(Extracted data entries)
· · · · · · ·
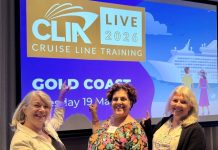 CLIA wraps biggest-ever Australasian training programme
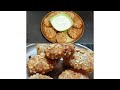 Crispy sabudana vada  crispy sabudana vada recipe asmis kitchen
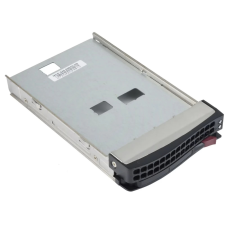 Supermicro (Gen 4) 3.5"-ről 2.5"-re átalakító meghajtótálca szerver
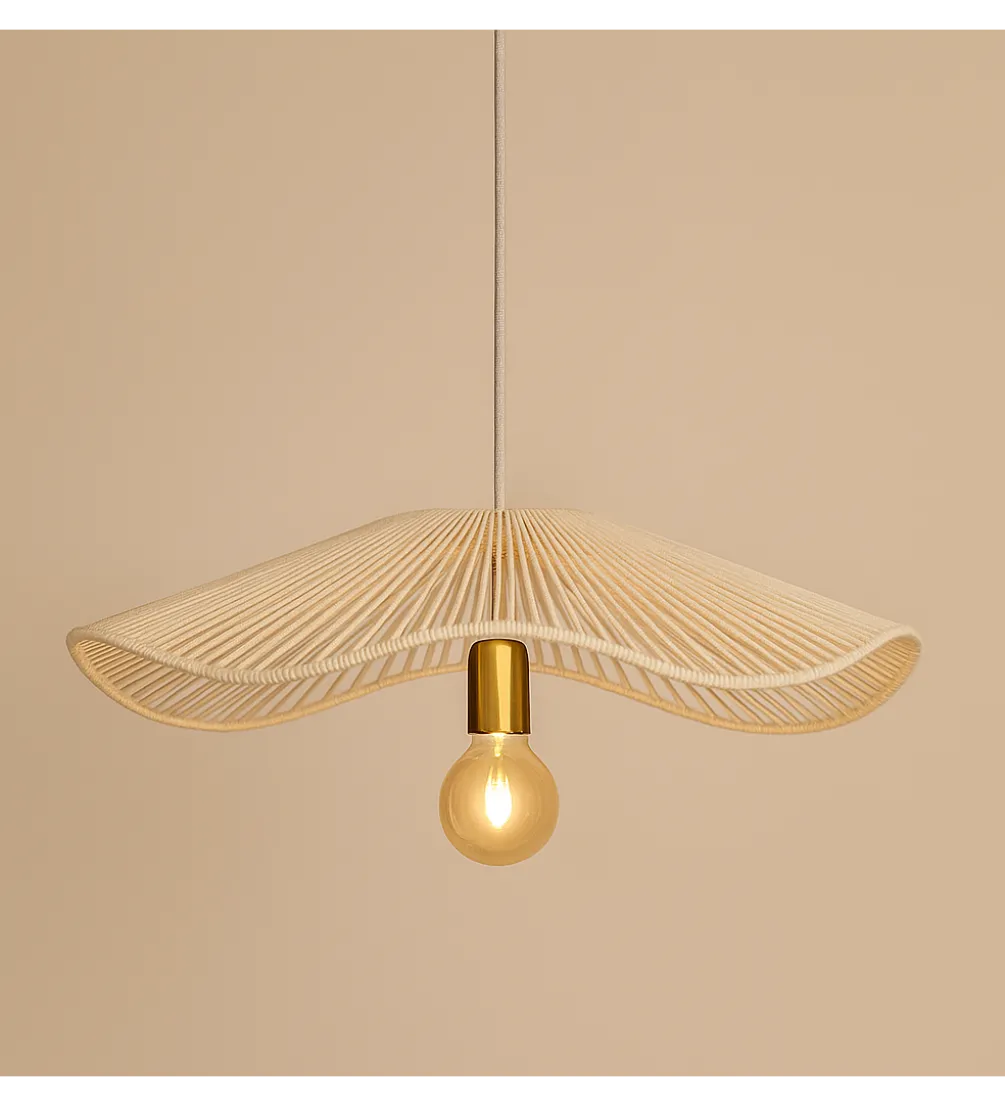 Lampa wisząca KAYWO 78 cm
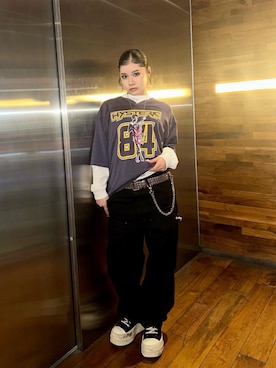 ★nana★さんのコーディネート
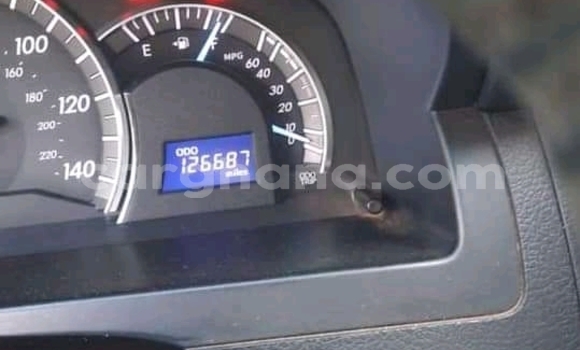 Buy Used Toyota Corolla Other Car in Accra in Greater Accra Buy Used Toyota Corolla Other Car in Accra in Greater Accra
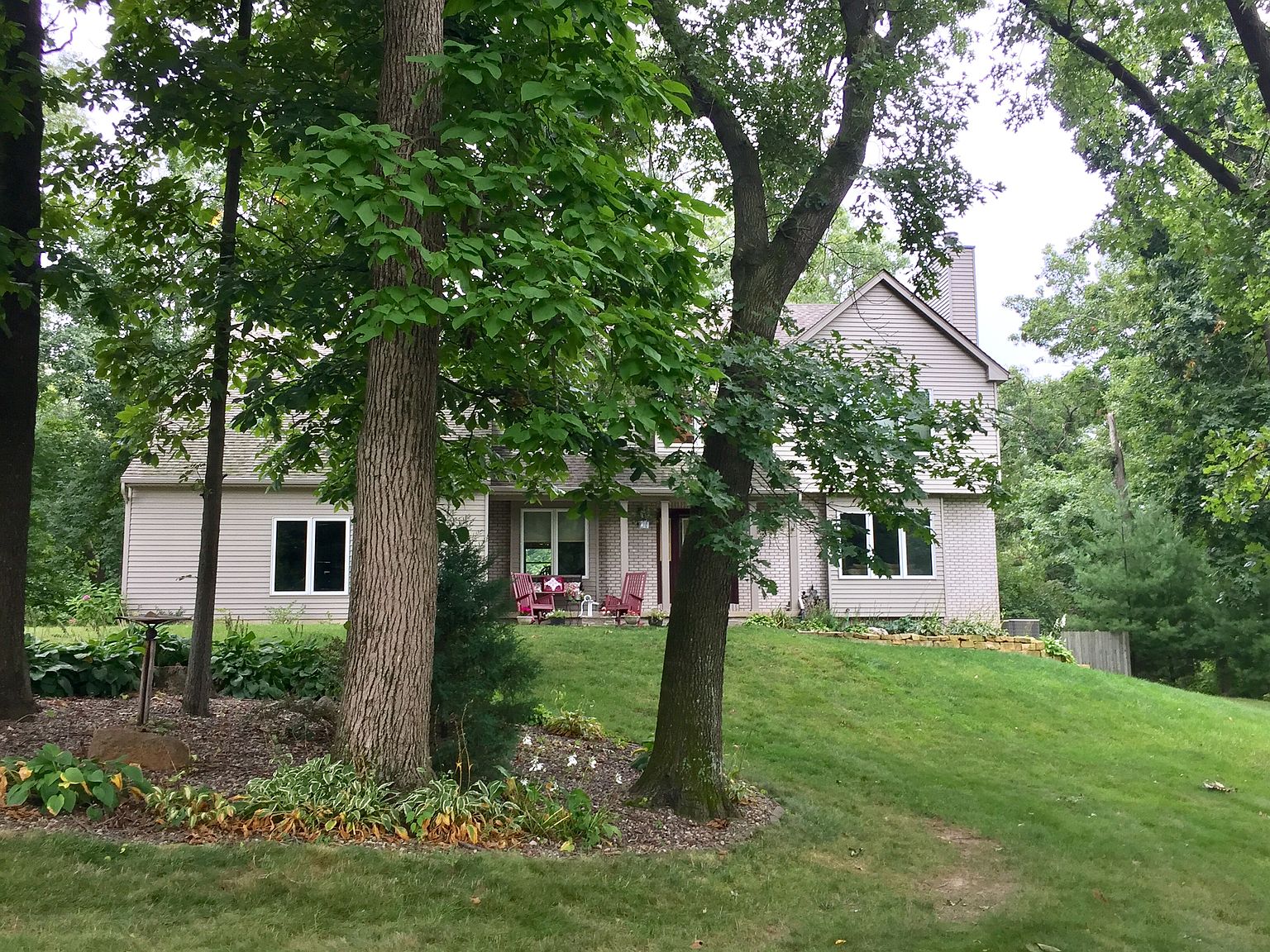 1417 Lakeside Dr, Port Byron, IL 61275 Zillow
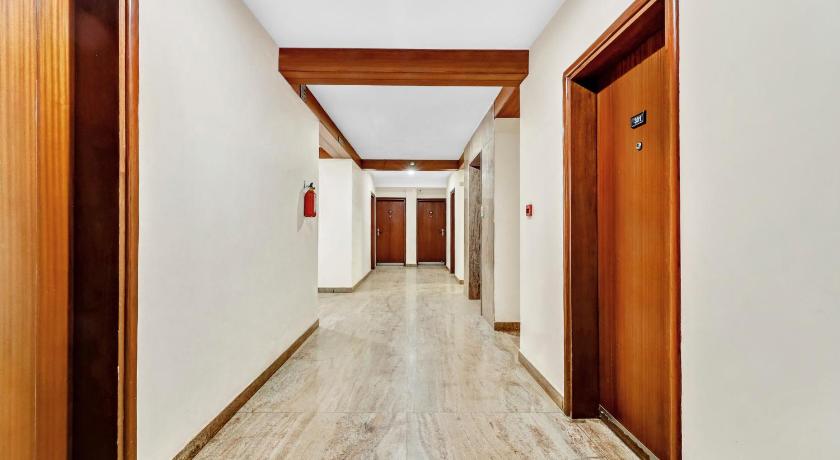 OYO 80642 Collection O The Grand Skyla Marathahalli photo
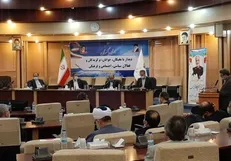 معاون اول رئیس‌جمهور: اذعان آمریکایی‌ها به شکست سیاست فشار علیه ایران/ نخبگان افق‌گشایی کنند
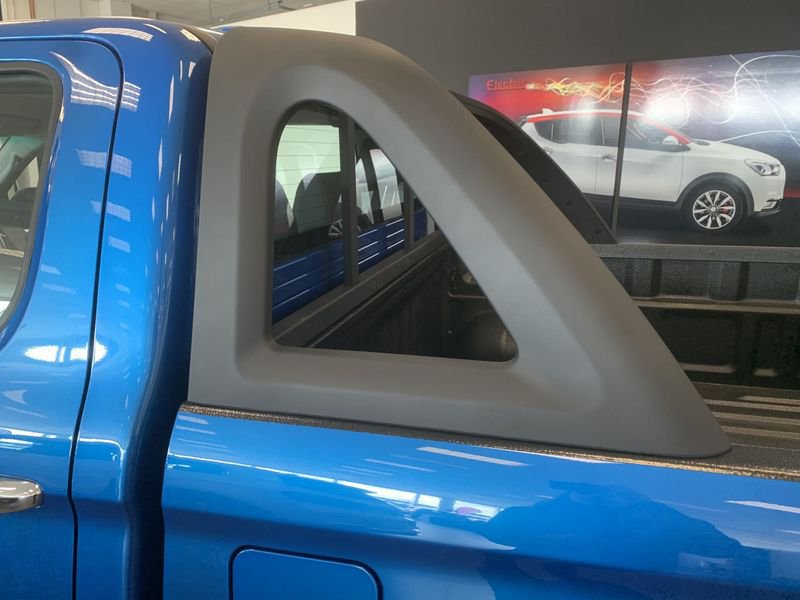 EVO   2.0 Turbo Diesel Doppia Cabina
· · · · · · ·
BRIEF.
Each line from the one holding "OYO 80642 Collection" to the end of the records above must be copied exactly; the pictures must not be copied.

REPLY TO THE EXERCISE.
 OYO 80642 Collection O The Grand Skyla Marathahalli photo
 معاون اول رئیس‌جمهور: اذعان آمریکایی‌ها به شکست سیاست فشار علیه ایران/ نخبگان افق‌گشایی کنند
 EVO   2.0 Turbo Diesel Doppia Cabina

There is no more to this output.